A Monster Calls, the heartbreaking fairytale that opens Friday, will make you cry a lot harder than Rogue One. That's because it's a better movie. Both star Felicity Jones, but only in A Monster Calls does one recognize her as the marvelous talent who was nominated for an Academy Award two years back for The Theory of Everything.

Jones plays the mother of a boy named Connor (Lewis MacDougall), and she is dying.

To help him cope with his impending loss, Connor conjures a tree-monster, an ent-like beast with glowing bark, voiced by Liam Neeson.

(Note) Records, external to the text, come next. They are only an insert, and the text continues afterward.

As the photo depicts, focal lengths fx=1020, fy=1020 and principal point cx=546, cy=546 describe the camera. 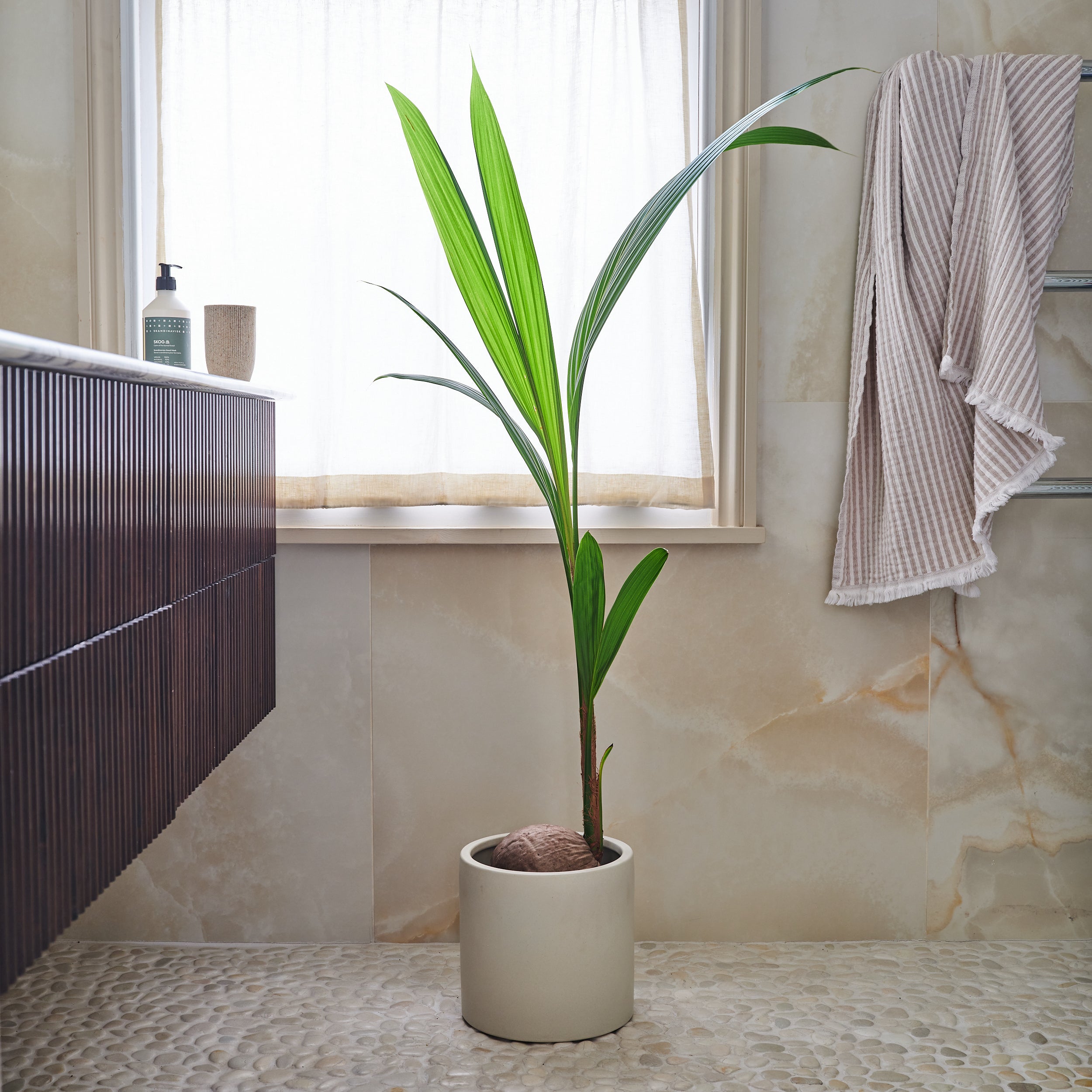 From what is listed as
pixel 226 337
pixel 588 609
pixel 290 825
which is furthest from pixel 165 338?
pixel 290 825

In his waking hours, Connor suffers the tense preparations for his mother's death, though no one tells him what's actually going on: He moves in with his stern grandma (Sigourney Weaver) while his mother stays at the hospital for last-ditch treatment options; he gets a visit from his father, now living in America (Toby Kebbell), and he sustains repeated beatings by bullies at school. Connor is a loner who spends most of his time with his nose in a sketchpad.

In his imagination, the Monster visits Connor and tells him three tales, tales which are meant (we know) to help him understand the senselessness of what's happening to his mom and the tumult of the emotions inside him. Voiced by Neeson, the tales are brought to animated life onscreen by director J.A. Bayona (The Orphanage, The Impossible) and visual effects supervisor Felix Berges; they're somewhat reminiscent of the animated Deathly Hallows sequence in Harry Potter and the Deathly Hallows, Pt. 1.

Much more visually impressive is the Monster itself, created using a hybrid of computer animation and animatronics. One can somehow see Neeson in the movement and expressions of the tree — no accident, given that its movements were influenced by motion capture work prior to principal cinematography. Though partly animated, the Monster interacts with Connor and the real world in a way that seems more authentic than with many other on-screen hybrids, where you can tell actors are performing a scene without a partner and a CGI character is inserted in post-production.

The movie soars, though, on the backs of the lead performances by Jones and young MacDougall. This is deeply sad material, but in their hands it never feels too grating or overwrought. Jones conveys not only the anger at the injustice of her illness, but the terror and the guilt of abandoning her only son. MacDougall highlights not only the despair of losing a parent, but the rage directed at the parent, and the secret impatience with the tragedy.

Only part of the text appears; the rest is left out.